Protesting Indian farmers to call in reinforcements during harvest season

  • We have worked out detailed plans to ensure that our movement does not lose steam even during the next harvest season when farmers will gather their wheat and other winter crops.
  • "We can't lose sight of the movement that will not end until the government accepts our three demands," he said.
Published February 8, 2021

NEW DELHI: Indian farmers have drawn up plans to continue their protests during the harvest season from March by bringing reinforcements from thousands of villages, a top union official said on Monday.

"We have worked out detailed plans to ensure that our movement does not lose steam even during the next harvest season when farmers will gather their wheat and other winter crops," Rakesh Tikait, a prominent leader of Bharatiya Kisan Union, one of the largest farmers' unions, told Reuters in an interview.
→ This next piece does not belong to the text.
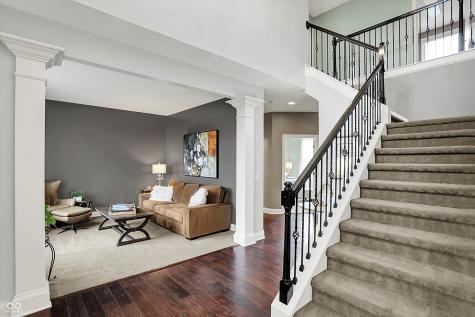 10235 Normandy Way Fishers IN 46040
Tens of thousands of angry farmers have encircled the capital New Delhi to put pressure on the government to repeal three agricultural laws introduced in September.

The government says the new laws will open up fresh opportunities to farmers by allowing them to directly sell produce to private buyers like large retailers.

Protesters say the laws benefit large private buyers at the expense of growers.

"We have prepared a set of rota for every village to ensure that a new batch of farmers comes to the protest sites every time a group from here leaves for villages to collect crops," said Tikait, who has emerged as a prominent leader of the biggest farmers' protest in decades.

"We can't lose sight of the movement that will not end until the government accepts our three demands," he said.

To ensure that the deadlock ends, the government must roll back the laws, make it mandatory for buyers to pay state-set guaranteed prices and take back police cases filed against protesting growers, Tikait said.

"Farmers are not going to budge if the government does not concede to the three core demands. We have other concerns too, but those issues can be looked into by appointing a committee," he said.

Earlier, Prime Minister Narendra Modi again urged farmers to end their protest.